- WHAT YOU ARE ASKED TO DO
Beginning with the line of the entries below that holds "10W RGBW Moving" and ending with the line that holds "(+VIDEO) | Lil' Luna", transcribe each line exactly as written. Pictures stay out.

- TASK MATERIAL
--- START ---

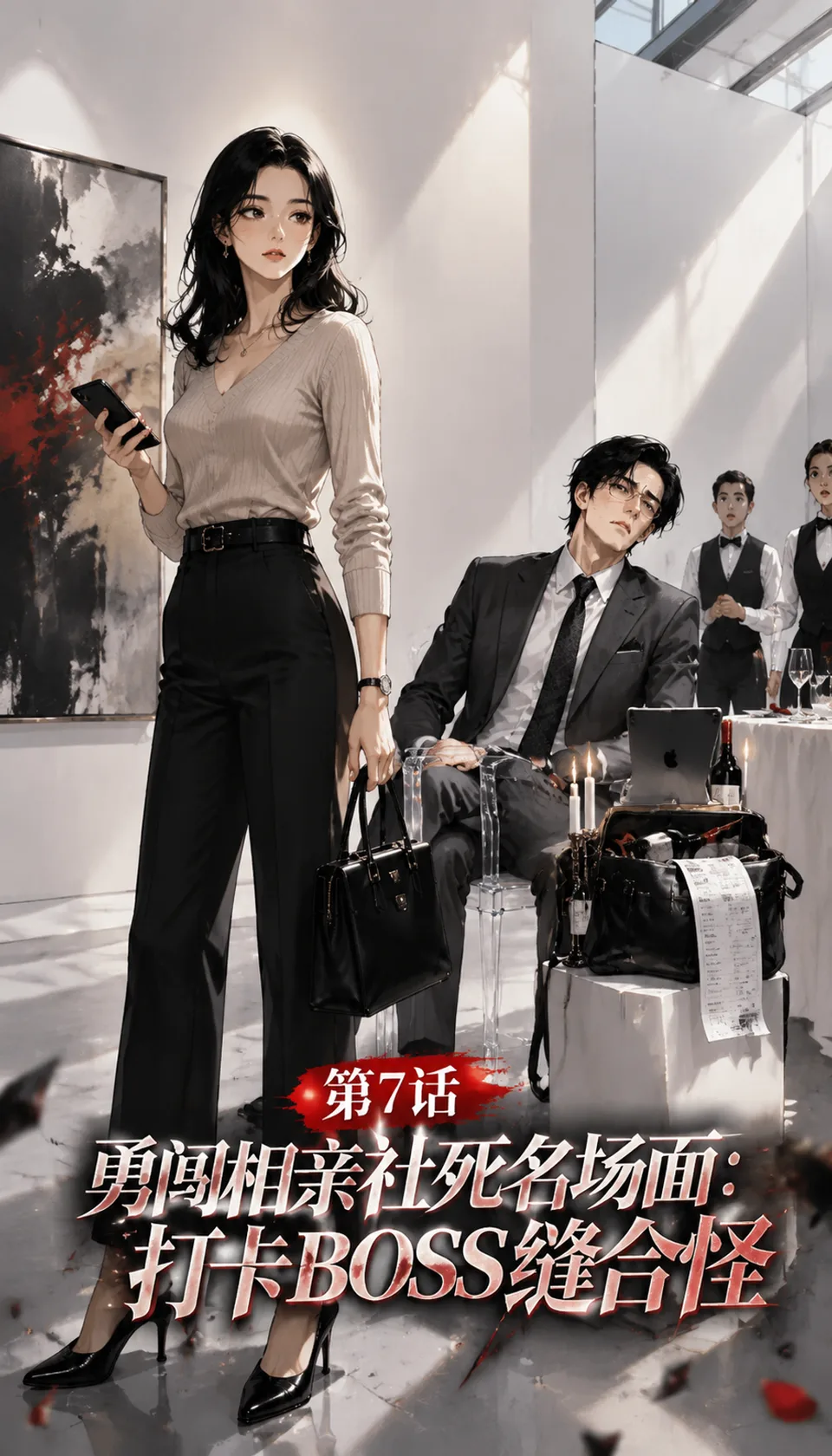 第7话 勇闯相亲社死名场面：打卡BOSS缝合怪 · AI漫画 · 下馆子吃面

--- END ---
--- START ---

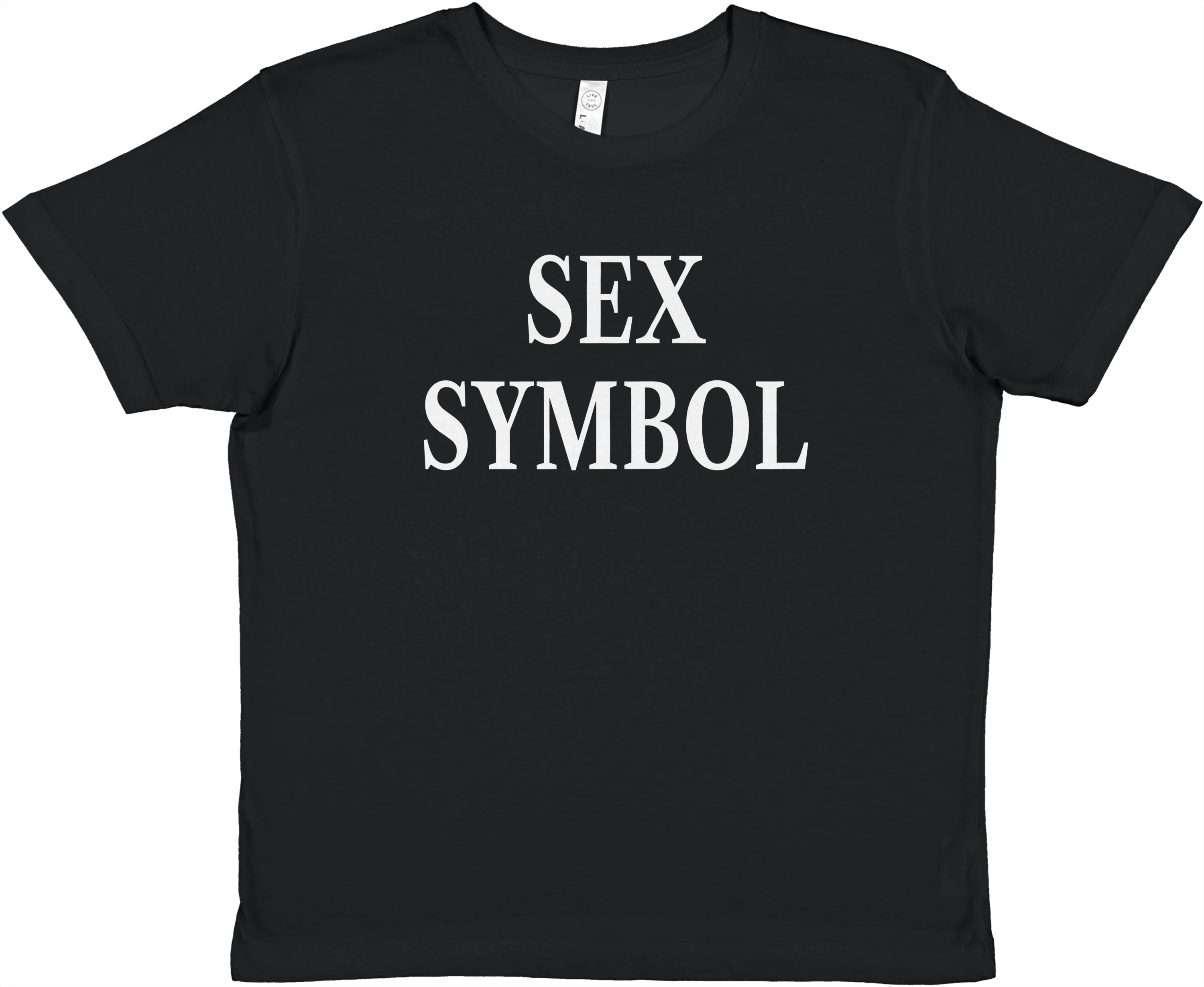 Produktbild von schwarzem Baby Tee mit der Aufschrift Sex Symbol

--- END ---
--- START ---

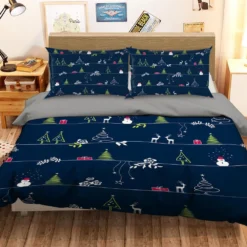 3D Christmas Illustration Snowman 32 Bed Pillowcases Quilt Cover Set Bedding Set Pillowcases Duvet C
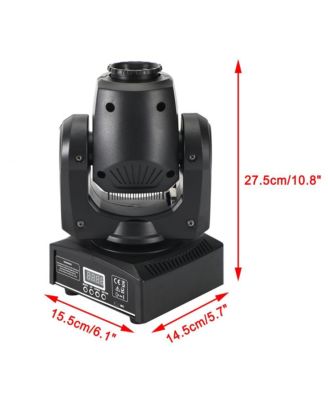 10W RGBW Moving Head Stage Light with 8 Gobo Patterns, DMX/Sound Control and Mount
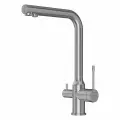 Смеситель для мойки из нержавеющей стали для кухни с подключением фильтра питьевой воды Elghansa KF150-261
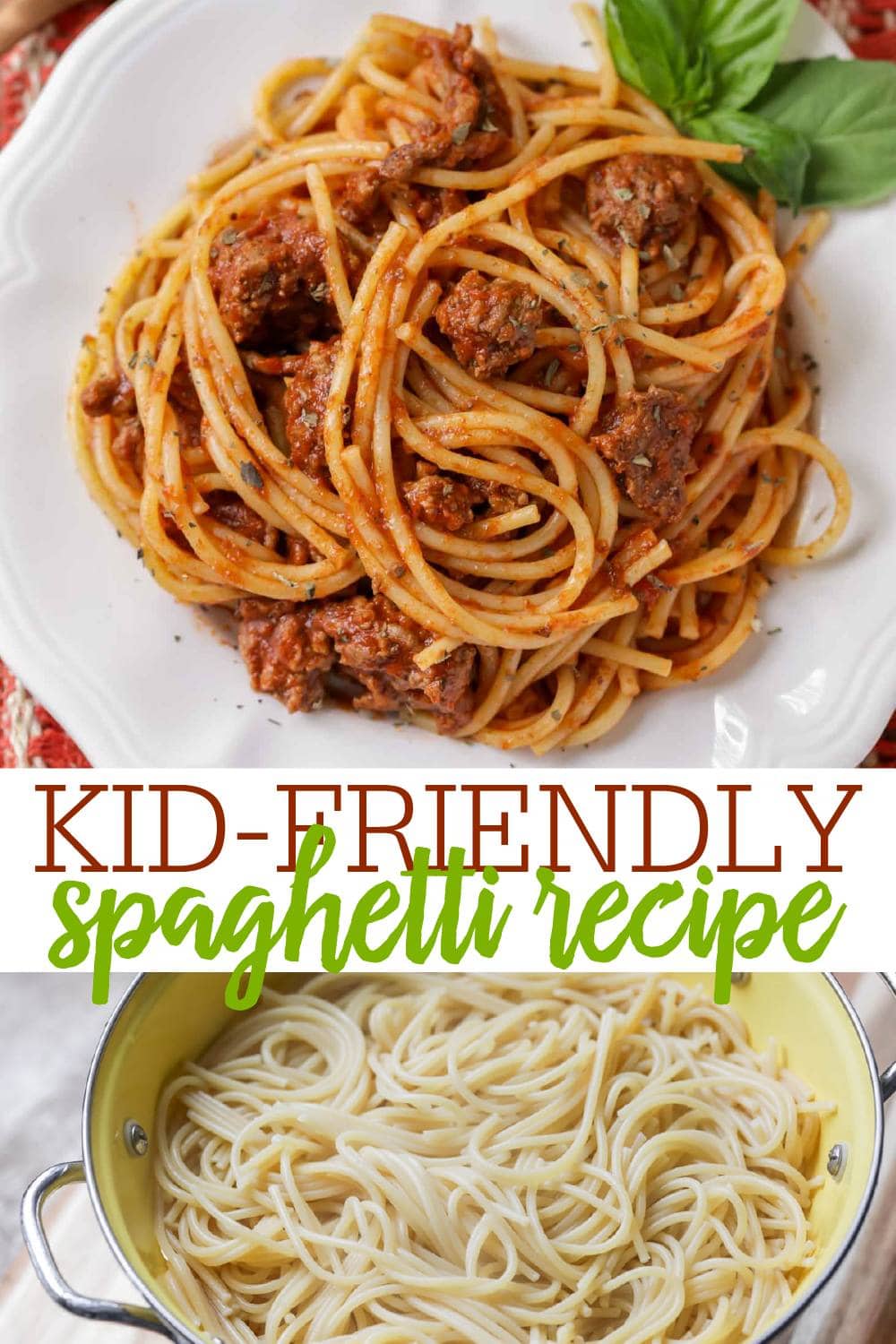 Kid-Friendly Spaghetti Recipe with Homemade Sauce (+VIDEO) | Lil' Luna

--- END ---

- EXPECTED OUTPUT
 10W RGBW Moving Head Stage Light with 8 Gobo Patterns, DMX/Sound Control and Mount
 Смеситель для мойки из нержавеющей стали для кухни с подключением фильтра питьевой воды Elghansa KF150-261
 Kid-Friendly Spaghetti Recipe with Homemade Sauce (+VIDEO) | Lil' Luna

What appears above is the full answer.